図7は封じ込め装置の正面視における空気の流れの模式図、
図8は封じ込め装置の右側面視における空気の流れの模式図である。図中の矢印は、空気の流れを表している。
【0051】
温湿度制御装置11を起動させると、温湿度制御装置11内部の送風ファン18および必要に応じて動作させたフィルタユニット12内部の第2の送風ファンによって、設定された温湿度に制御された空気は、排出口113から第1のダクト14を介して、封じ込め装置13に導かれ、エアー入口132から作業空間3に流入する。このとき、作業空間3は、事前に送風ファン18(必要により第2の送風ファン)を制御することにより、設計された空気の流れが発生し、計量システム10内の唯一の開放空間となる封じ込め装置13の開放部134に、計量システム外部から見て相対的な負の圧力を発生させる。よって、作業空間3を通過して汚染された空気は、開放部134から作業空間3に流入した外気とともに、エアー出口133から排出され、第2のダクト15を介して、吸入通気口122からフィルタユニット12に導かれる。フィルタユニット12内のフィルタを通過することで粉体を集塵・除去された空気は、排出通気口123から送りだされ、第3のダクト16を介して、吸入口112から温湿度制御装置11に戻る。帰還した空気は、設定された温湿度に制御され、再び作業空間3に還流される。
【0052】
このとき、開放部134から流入する空気は、開放部134の周囲の面が全て角のないR処理されていることで、乱流となることなく、層流として作業空間3に取り入れられる。
【0053】
また、エアー入口132から作業空間3に入った空気は、比較的風速の強いものとなるが、エアー入口132の下方域となる上方水平バッフル30の装置後方域30bに確実に当たり、風速を弱められる。そして、上方水平バッフル30の上面を伝って、装置前方域30fの通気孔32から下方に、微風のダウンフローとなって、作業空間3を流れる。
【0054】
以上、本実施例の計量システム10によれば、作業空間3において、温湿度制御された空気の流路が、天秤5に対して層流となるので、天秤5の計量値が安定する。
【0055】
計量システム10は、前述の流路設計と、温湿度制御装置11、封じ込め装置13およびフィルタユニット12の限定された空間のみを空気循環させた構成により、作業空間3の空気流量を6[m
3/min]までに抑えられる。
【0056】
また、計量システム10は、流路設計をダウンフローとしたことで、要となる天秤5周辺での流量制御性および空気の攪拌性が向上する。

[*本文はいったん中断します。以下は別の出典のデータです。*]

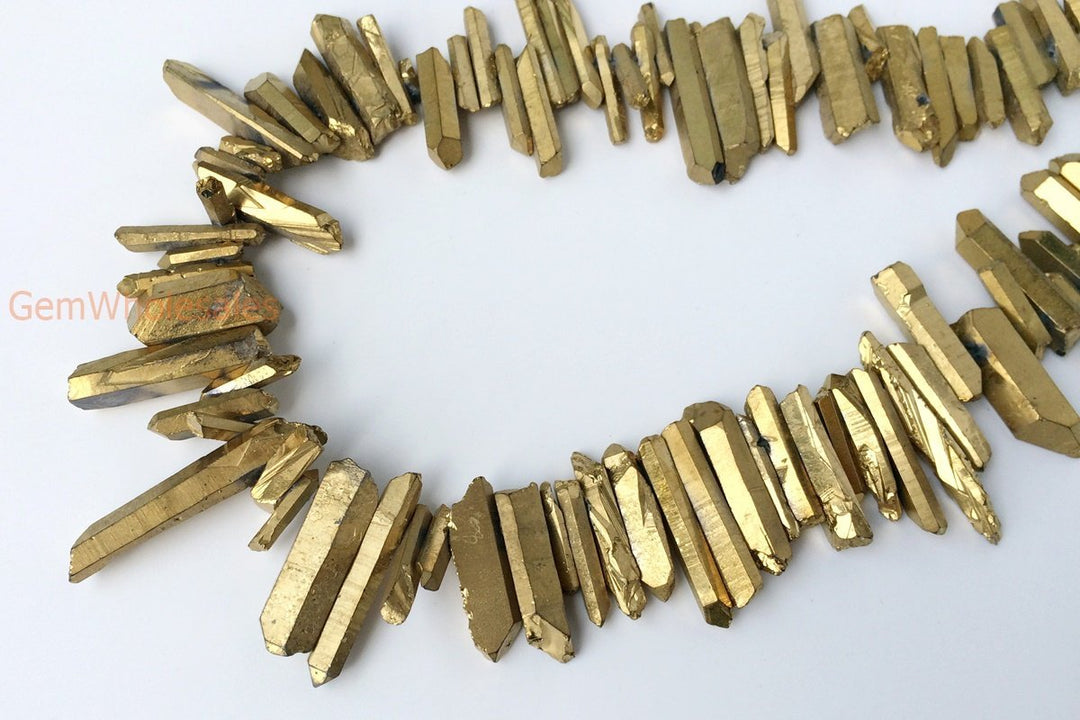 15.5" 4~7mmx~15~40mm Natural Rough Quartz Crystal Spike Beads golden color,nugget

すなわち、封じ込め装置13の上面13uにエアー出口133を設けて、作業空間3をアップフローとする構成も考えられるが、アップフローとすると、要となる天秤5周辺に、開放部134から入った比較的風速の強い段階の空気が多く当たることになり、流量制御が難しいこと、また、作業空間3において、アップフローに比してダウンフローのほうが空気の攪拌性が良いことから、安定計量の観点から、ダウンフローとするのが好適である。
【0057】
そして、計量作業に伴って作業空間3に浮遊する危険な粉体は、封じ込め装置13と第2のダクト15及びフィルタユニット12内に留まるので、計量システム10内に封じ込められる。このとき、空気は計量システム10の外部に還流されることなく、計量システム10内を循環するようにしたこと、開放部134から積極的に外気を流入させたことで、封じ込めは確実なものとなっている。
【0058】
なお、本計量システム10において、最終的な汚染領域は、第2のダクト15とフィルタユニット12に留まることから、システムの動作を停止した上で第2のダクト15とフィルタユニット12を一体的に交換すれば、交換時における作業者の曝露も低減できる。
【0059】
また、計量システム10により構成される閉空間は、温湿度制御装置11、封じ込め装置13、フィルタユニット12で完結しているので、計量システム10は、天秤室のようなものに比して極めて小型で済むとともに、ドラフトチャンバーのように、装置の設置にあたり排気管を新設するなどの拡張工事も必要としない。
【0060】
また、計量システム10は、小型であることに加え、温湿度制御装置11、封じ込め装置13、フィルタユニット12がそれぞれ別ユニットとして構成され、これらをダクト14、15、16で接続した構成であるので、柔軟にこれらを配置することができ、システムの新規設置、移動および後付けも容易で、設置自由度が高い。